Particularly, let's denote $z_t = (\phi_t, \,\,\dot{\phi_t})$ as the environmental state depending on the position $\phi_t$ and velocity $\dot{\phi_t}$ of the car; $a_t$ as the action of the environment on the car. Then the evolution of the state is described as follows
\[\begin{aligned} \dot{\phi_t} &= \dot{\phi}_{t-1} + F_g(\phi_{t-1}) + F_f(\dot{\phi}_{t-1}) + F_a(a_t)\\ \phi_t &= \phi_{t-1} + \dot{\phi_t} \end{aligned}\]
where $F_g(\phi_{t-1})$ is the gravitational force of the hill landscape that depends on the car's position
\[F_g(\phi) = \begin{cases} -0.05(2\phi + 1) , \, & \mathrm{if} \, \phi < 0 \\ -0.05 \left[(1 + 5\phi^2)^{-\frac{1}{2}} + \phi^2 (1 + 5\phi^2)^{-\frac{3}{2}} + \frac{1}{16}\phi^4 \right], \, & \mathrm{otherwise} \end{cases}\]
\[F_f(\dot{\phi})\]
is the friction on the car defined through the car's velocity $F_f(\dot{\phi}) = -0.1 \, \dot{\phi}\,$ and $F_a(a)$ is the engine force $F_a(a) = 0.04 \,\tanh(a).$ Since the car is on low battery, we use the $\tanh(\cdot)$ function to limit the engine force to the interval [-0.04, 0.04].
In the cell below, the create_physics
function defines forces $F_g,\, F_f,\, F_a\,$; and the create_world
function defines the environmental process of the mountain.
import HypergeometricFunctions: _₂F₁
function create_physics(; engine_force_limit = 0.04, friction_coefficient = 0.1)
# Engine force as function of action
Fa = (a::Real) -> engine_force_limit * tanh(a)
# Friction force as function of velocity
Ff = (y_dot::Real) -> -friction_coefficient * y_dot
# Gravitational force (horizontal component) as function of position
Fg = (y::Real) -> begin
if y < 0
0.05*(-2*y - 1)
else
0.05*(-(1 + 5*y^2)^(-0.5) - (y^2)*(1 + 5*y^2)^(-3/2) - (y^4)/16)
end
end
# The height of the landscape as a function of the horizontal coordinate
height = (x::Float64) -> begin
if x < 0
h = x^2 + x
else
h = x * _₂F₁(0.5,0.5,1.5, -5*x^2) + x^3 * _₂F₁(1.5, 1.5, 2.5, -5*x^2) / 3 + x^5 / 80
end
return 0.05*h
end
return (Fa, Ff, Fg,height)
end;
function create_world(; Fg, Ff, Fa, initial_position = -0.5, initial_velocity = 0.0)
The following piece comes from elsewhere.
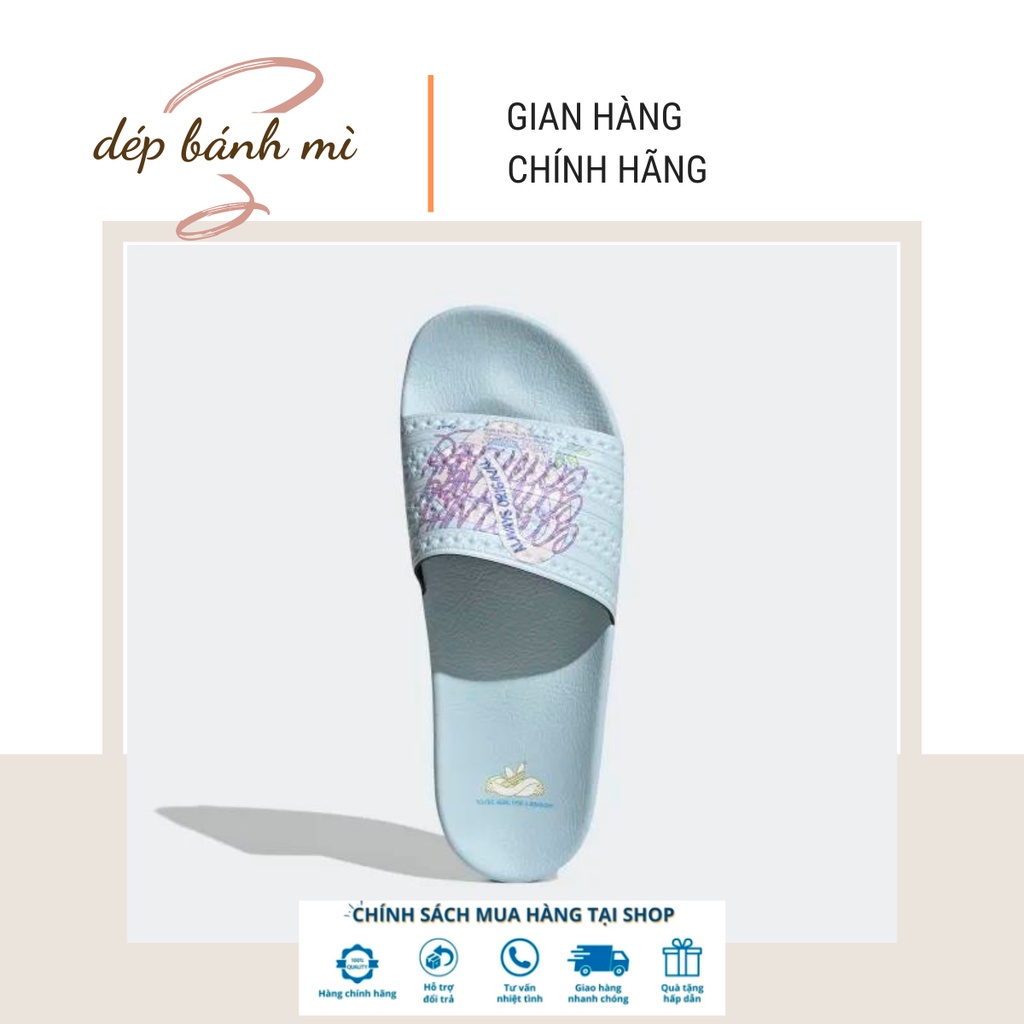 Dép bánh mì adidas màu xanh nam nữ -hr0094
y_t_min = initial_position
y_dot_t_min = initial_velocity
y_t = y_t_min
y_dot_t = y_dot_t_min
execute = (a_t::Float64) -> begin
# Compute next state
y_dot_t = y_dot_t_min + Fg(y_t_min) + Ff(y_dot_t_min) + Fa(a_t)
y_t = y_t_min + y_dot_t
# Reset state for next step
y_t_min = y_t
y_dot_t_min = y_dot_t
end
observe = () -> begin
return [y_t, y_dot_t]
end
return (execute, observe)
end
create_world (generic function with 1 method)
Let's visualize the mountain landscape and the situation of the car.
engine_force_limit = 0.04
friction_coefficient = 0.1
Fa, Ff, Fg, height = create_physics(
engine_force_limit = engine_force_limit,
friction_coefficient = friction_coefficient
);
initial_position = -0.5
initial_velocity = 0.0
x_target = [0.5, 0.0]
valley_x = range(-2, 2, length=400)
valley_y = [ height(xs) for xs in valley_x ]
plot(valley_x, valley_y, title = "Mountain valley", label = "Landscape", color = "black")
scatter!([ initial_position ], [ height(initial_position) ], label="initial car position")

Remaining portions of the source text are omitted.